Mais que a chance de levar para casa livros sobre os assuntos preferidos, Nádila Santos, de 32 anos, vê nos exemplares que carrega nas mãos uma oportunidade para se desconectar. “Em um mundo hoje tudo gira em torno da internet, querendo ou não vivemos ao redor da internet, acredito que a importância de ler um livros é tirar a gente da zona de conforto. Vejo muita gente lendo no celular, para mim aquilo não é ler um livro. Eu gosto do físico, é muito legal porque criamos aquela imaginação, aquela capacidade de viajar”. Para ela, o hábito vem das memórias afetivas, quando via a mãe lendo romances e histórias de ficção, hoje entre os gêneros favoritos dela, uma lista que também inclui biografias e romances históricos, pela lição de vida que trazem.
As amigas Luciana Figueiredo, 18 anos, e Poliana Lopes, 22 anos, também estavam de passagem pela praça, quando a movimentação despertou a curiosidade. Luciana revela que prefere HQs e Mangás, um hábito que herdou de um primo que também é fã do gênero, mas nem por isso deixou de aproveitar a ação para conhecer outros estilos de literatura e levar para casa “O Futuro do Passado”, de Luiz Albuquerque. Filha de professores, a quem Poliana “culpa” pelo interesse pelos livros, ela mostra ser fã de romances e poesia, por causa das “rimas mais melosas, dessas bem cafonas”.
Quase no fim da manhã, Karoline Vieira, 22 anos, chegou quando o palco já estava quase sendo desmontado, mas parou para perguntar sobre os livros expostos e já aproveitou para levar os favoritos para casa. à reportagem ela conta que as primeiras leituras vieram da época da escola, mas que só pegou gosto mesmo na adolescência quando começou a encontrar histórias com uma linguagem, temáticas e capas atraentes mais voltadas para essa faixa etária.

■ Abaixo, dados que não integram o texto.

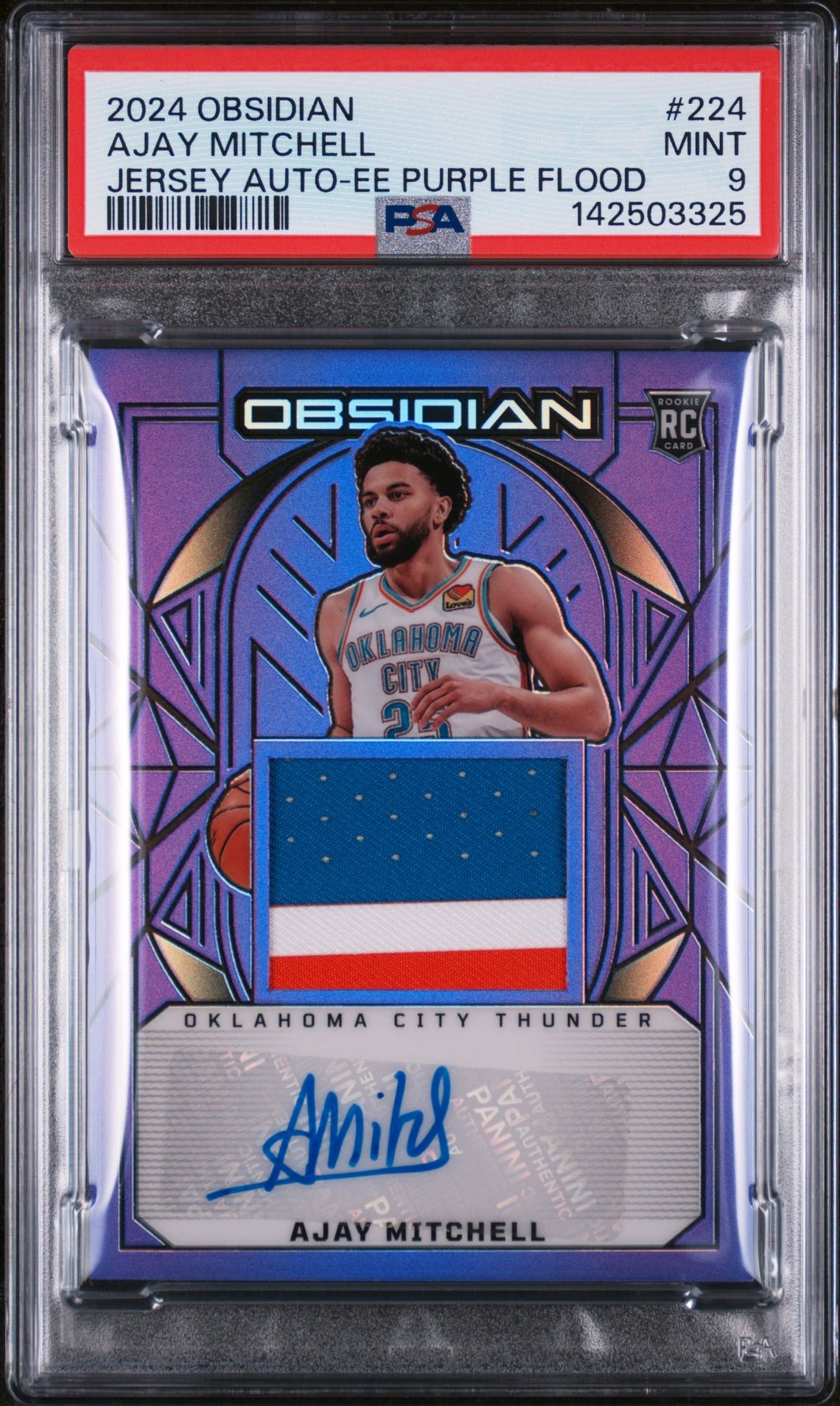 2024 Panini PANINI OBSIDIAN JERSEY AUTO-EE PURPLE FLOOD #224 Ajay Mitchell front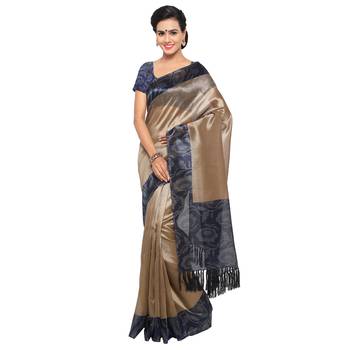Beige plain semi  tussar silk saree with blouse 1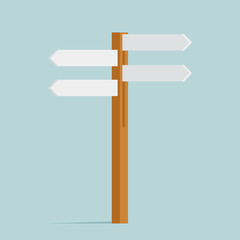 Direction sign street decoration object isolated on blue retro flat design vector illustration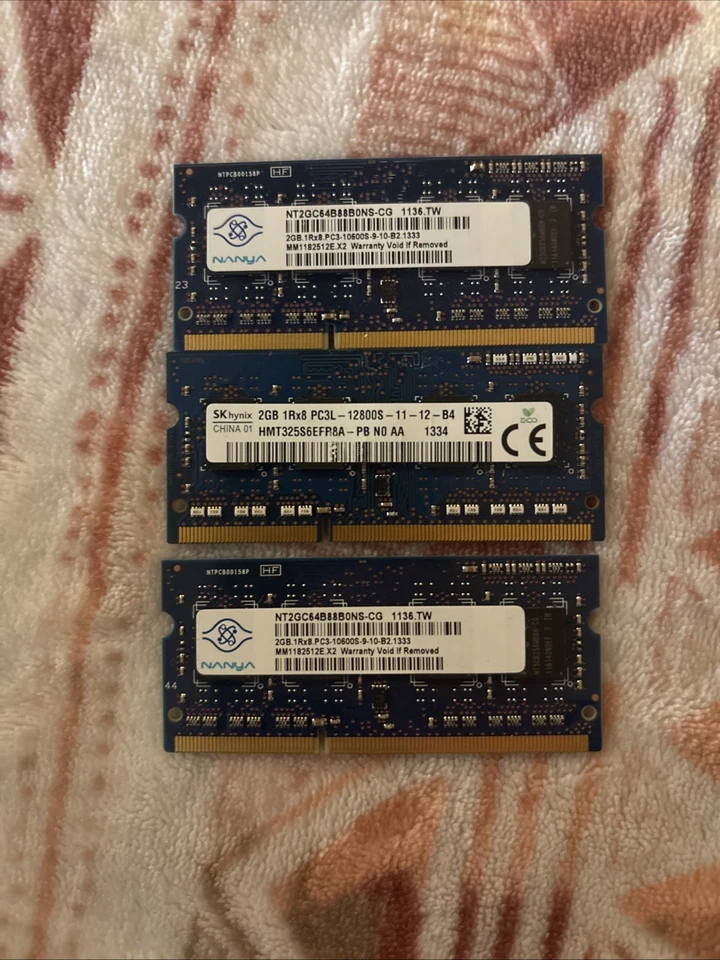 Ddr3 So-dimm Sodimm 3 x 2gb Skhynix Sk Hynix And Nanya ( 6gb Total ) - Image 1 of 1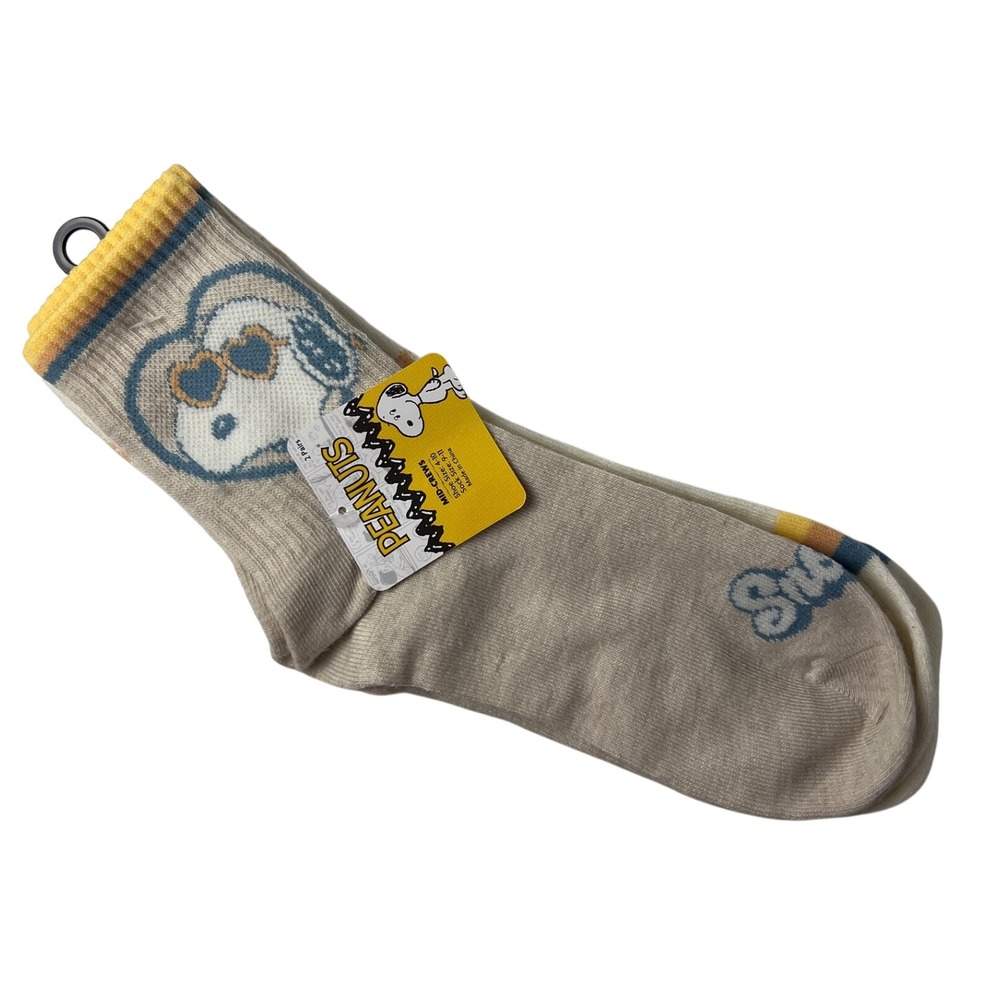 NEW Peanuts Snoopy Mid Crew Socks Kids unisex 9-11 2-Pack Woodstock Comfy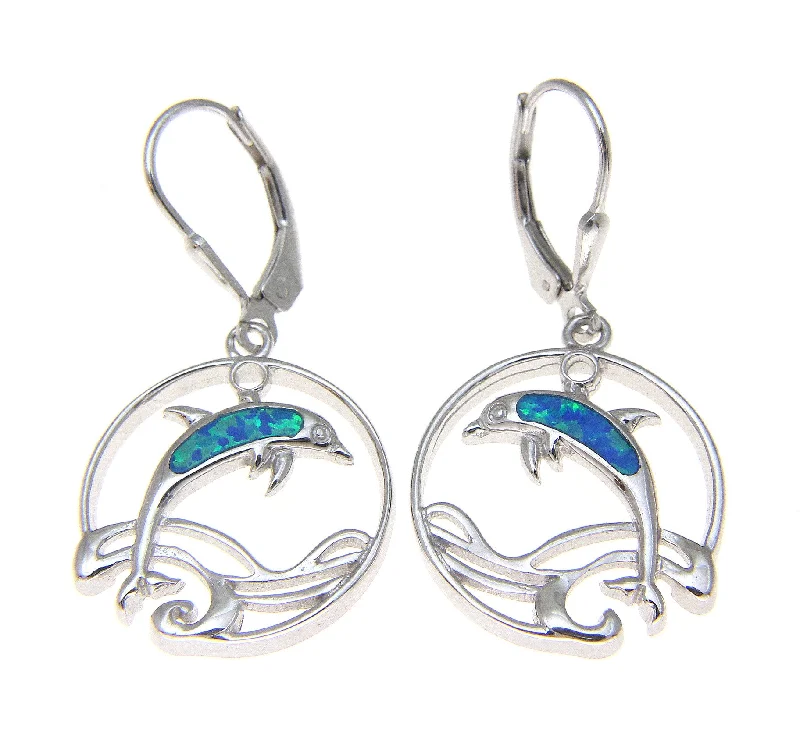 925 Sterling Silver Rhodium Hawaiian Circle Wave Dolphin Opal Leverback Earrings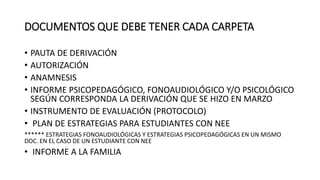 DOCUMENTOS QUE DEBE TENER CADA CARPETA
• PAUTA DE DERIVACIÓN
• AUTORIZACIÓN
• ANAMNESIS
• INFORME PSICOPEDAGÓGICO, FONOAUDIOLÓGICO Y/O PSICOLÓGICO
SEGÚN CORRESPONDA LA DERIVACIÓN QUE SE HIZO EN MARZO
• INSTRUMENTO DE EVALUACIÓN (PROTOCOLO)
• PLAN DE ESTRATEGIAS PARA ESTUDIANTES CON NEE
****** ESTRATEGIAS FONOAUDIOLÓGICAS Y ESTRATEGIAS PSICOPEDAGÓGICAS EN UN MISMO
DOC. EN EL CASO DE UN ESTUDIANTE CON NEE
• INFORME A LA FAMILIA
 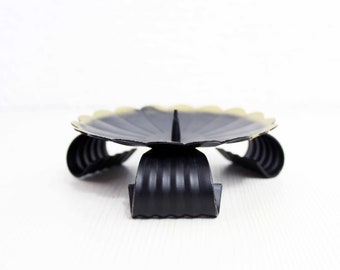 Candle holder in black and gold metal West Germany 1960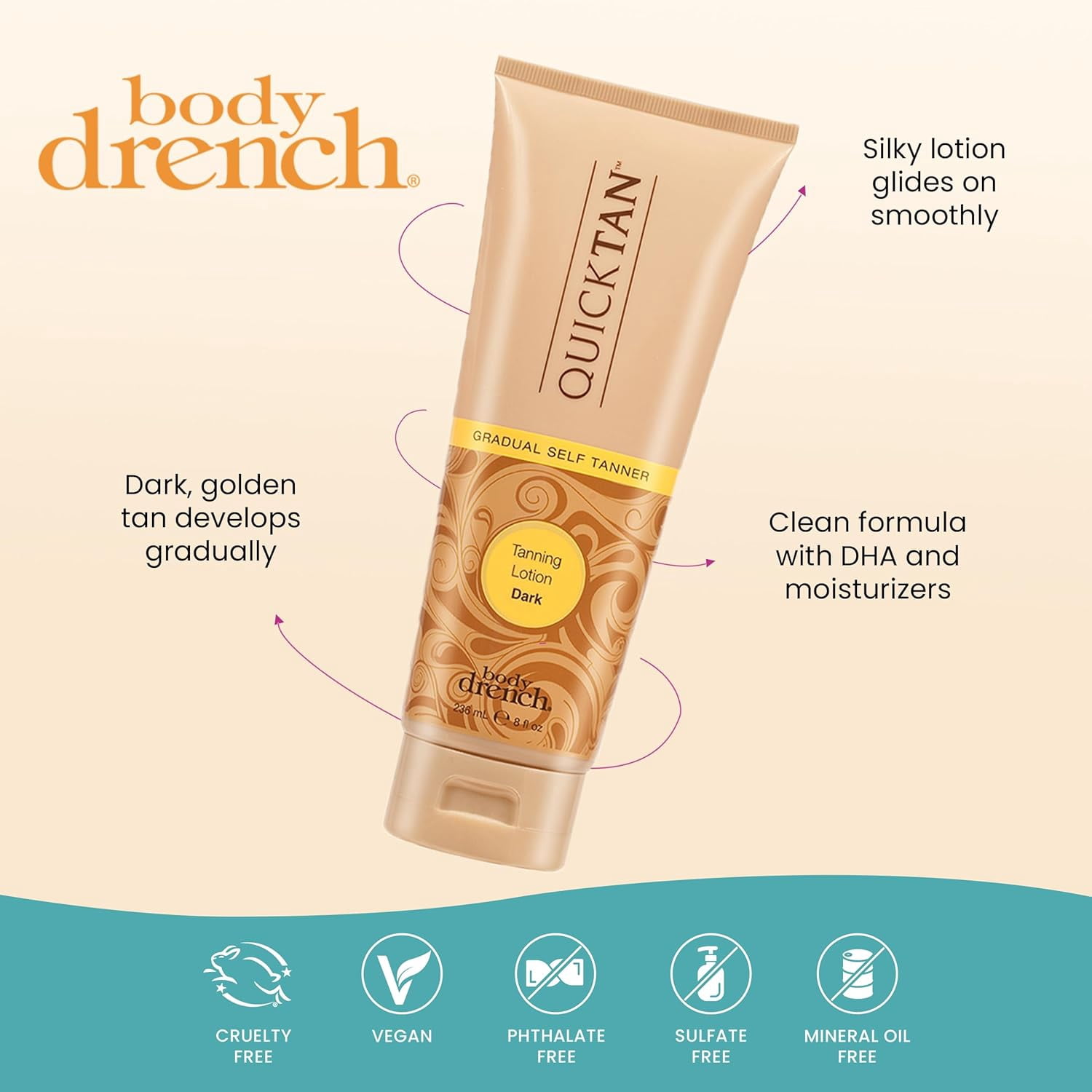 Body Drench Quick Self Tanner Body Lotion, Sunless Tanning Lotion for Women (Dark, 8 fl oz) eaqpg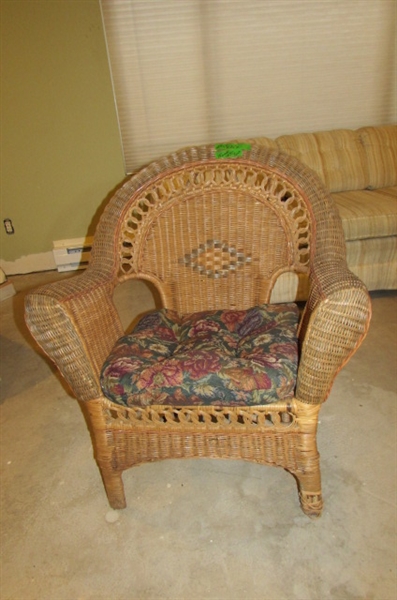 WICKER CHAIR WITH FLORAL SEAT CUSHION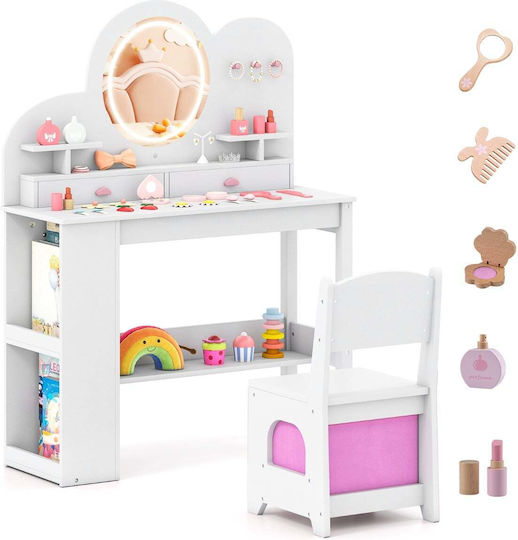 Costway Princess Grooming Set Lighted Mirror & Stool 2 Drawers White Tp10446wh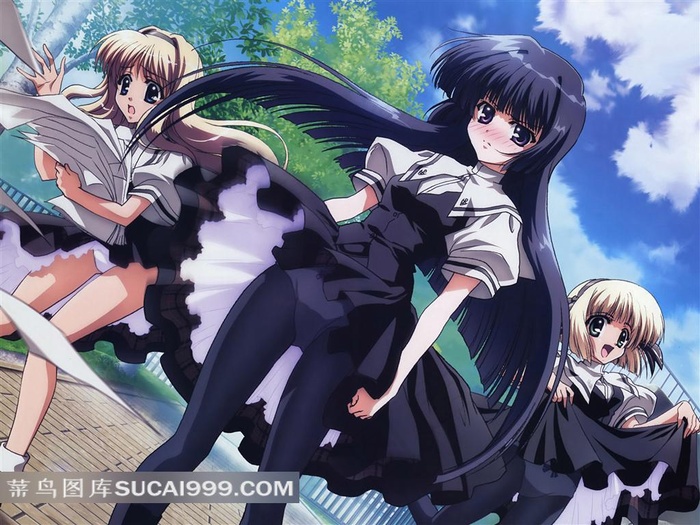 街上裙舞飞扬的动漫美少女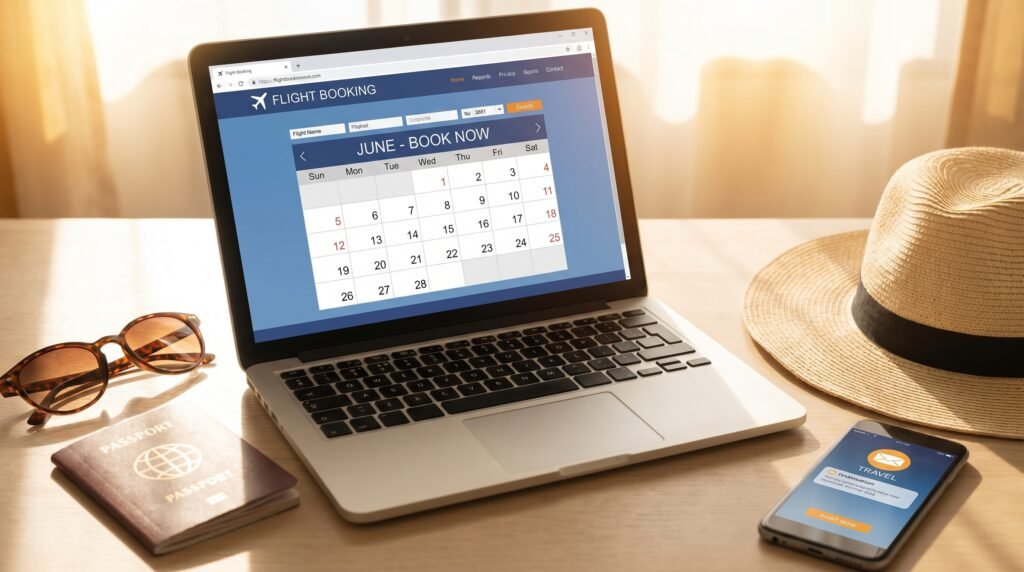 Laptop displaying flight booking website with June calendar and 'Book Now' button on wooden desk, surrounded by travel essentials including passport, sunglasses, straw sun hat, and smartphone showing travel app with booking interface, representing summer vacation planning and online flight reservation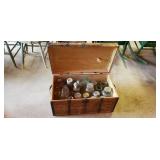 Chest Filled With Glass Jars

O hábito continuou através do celular, por onde ela lê a maioria das histórias de ficção que tanto gosta, mas vai deixar o aparelho um pouco de lado com os novos exemplares adotados na praça. “Sinceramente, eu prefiro no livro, mas como financeiramente é meio apertado, acabo optando pelo PDF. Quando aparece um dinheirinho a mais eu vou e compro”.
Por volta da hora do almoço, apenas duas caixas ainda estavam disponíveis para doação, e até o fim do dia, grande parte dos mil exemplares tinham encontrado um novo dono. Mostrando que, na prática, temos mais leitores que poderíamos imaginar. O que para Iolete só reafirma a necessidade de projetos como esse, que além do incentivo da leitura também busca a valorização dos escritores locais e nacionais.